Source data:
┄┄┄┄┄┄

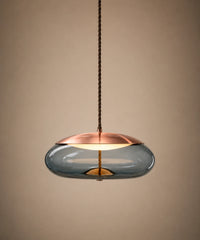 Suspension galet en verre soufflé bleu, capuchon cuivré, allumée sur fond beige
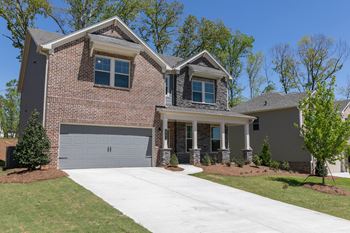 a large brick house with a white sidewalk in front of it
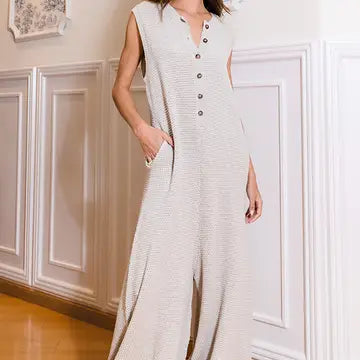 A person stands in a hallway with white wainscoting, wearing the Bucketlist Wide Leg Button-Up Loose Fit Solid Sweater Jumpsuit. The light-colored garment boasts a subtle texture and wide legs. With one hand casually tucked into their pocket, the individual exudes a relaxed vibe.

┄┄┄┄┄┄

Exercise:
All of the data above must be printed exactly, minus its pictures.

Result of this task:
 Suspension galet en verre soufflé bleu, capuchon cuivré, allumée sur fond beige
 a large brick house with a white sidewalk in front of it
 A person stands in a hallway with white wainscoting, wearing the Bucketlist Wide Leg Button-Up Loose Fit Solid Sweater Jumpsuit. The light-colored garment boasts a subtle texture and wide legs. With one hand casually tucked into their pocket, the individual exudes a relaxed vibe.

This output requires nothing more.